Darick Hall notched his third career base hit — another homer — as the Phillies rallied from a 3-0 hole. Mickey Moniak started a rally with an RBI double, and the bullpen held on with a lead in hand.

Mickey Moniak hits an RBI double against the Cardinals in the fifth inning to drive in the Phillies' first run of the game.
Mickey Moniak hits an RBI double against the Cardinals in the fifth inning to drive in the Phillies' first run of the game.Read moreSTEVEN M. FALK / Staff Photographer

Score one for the Phillies’ farm system.

The bullpen, too.

For good reason, there haven’t been two more frequently criticized areas of the organization over the last several years. Yet here they were Friday night — recent call-ups Mickey Moniak and Darick Hall and five relief pitchers — carrying the Phillies to an uplifting 5-3 victory in the opener of a pivotal series with the St. Louis Cardinals.

Go figure.

Moniak kickstarted the Phillies’ comeback from a 3-0 deficit with an RBI double — off a curveball, no less — in the fifth inning. But it was Hall who cracked the go-ahead home run in the sixth and became only the third player ever to homer for his first three major league hits.

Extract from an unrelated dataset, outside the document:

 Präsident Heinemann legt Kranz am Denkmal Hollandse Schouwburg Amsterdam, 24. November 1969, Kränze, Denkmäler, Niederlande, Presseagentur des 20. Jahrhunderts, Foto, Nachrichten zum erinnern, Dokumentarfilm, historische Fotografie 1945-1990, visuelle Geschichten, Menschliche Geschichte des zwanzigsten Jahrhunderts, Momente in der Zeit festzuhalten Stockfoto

» READ MORE: Phillies’ Darick Hall basking in glow of hitting three homers for his first MLB hits

“Long Ball Hall?” Moniak said, spilling the beans on the nickname given to Hall at triple-A Lehigh Valley. “I’ve seen it since low A. I’ve seen it since 2017. No surprise to me. But I’m glad that everyone gets to see it on a national level now.”

The Phillies called up Hall this week, even though he wasn’t on the 40-man roster, because they wanted extra left-handed power for a stretch of games against mostly right-handed starting pitchers. The 6-foot-4, 232-pound slugger fits that profile, with 118 homers in six minor league seasons.

Interim manager Rob Thomson put Hall into the cleanup spot of a batting order that will be missing injured Bryce Harper for at least six weeks, including a stretch of seven games in 10 days against the Cardinals, a chief adversary in the wild-card race. But Thomson also had simple instructions for the 26-year-old rookie.

“I said, ‘Don’t change your routine. Be nice and relaxed, do everything you did in Lehigh Valley, and just go out and play,’” Thomson said. “That’s what he’s doing. He’s having a lot of fun right now.”

Hall went deep twice in Thursday night’s rout of the Atlanta Braves, then hit a changeup from Cardinals starter Miles Mikolas into the right-field seats to break a 3-3 tie. Hall upstaged even Cardinals slugger Nolan Arenado, who hit for the cycle, and made himself the answer to a trivia question.

Name the only other Phillies player to homer for his first three major league hits: Ed Sanicki in 1949. It has happened only nine times overall in the expansion era (since 1961), most recently Pittsburgh’s Rodolfo Castro last season.

“To be able to come up and perform and be able to help the team is everything,” said Hall, taking a break from watching postgame fireworks with his wife, Ashley, and mom, Lynette Andrade. “Because that’s why you’re here. Winning games, that’s everything.”

» READ MORE: Mickey Moniak will get his best (and last?) chance to show the Phillies he belongs

Hall was in position to put the Phillies ahead in part because of Moniak. With Harper out, Thomson is giving the former No. 1 overall pick a run of playing time in center field. Thus far, Moniak has struggled, especially against breaking pitches. Unsurprisingly, he has seen a steady stream of curveballs.

With the Phillies trailing by three runs, Garrett Stubbs reached on an error, and Matt Vierling singled. Up stepped Moniak, who drove a curveball into the gap in right-center field.

It marked Moniak’s first hit off a curveball in the majors and his first extra-base hit of the season.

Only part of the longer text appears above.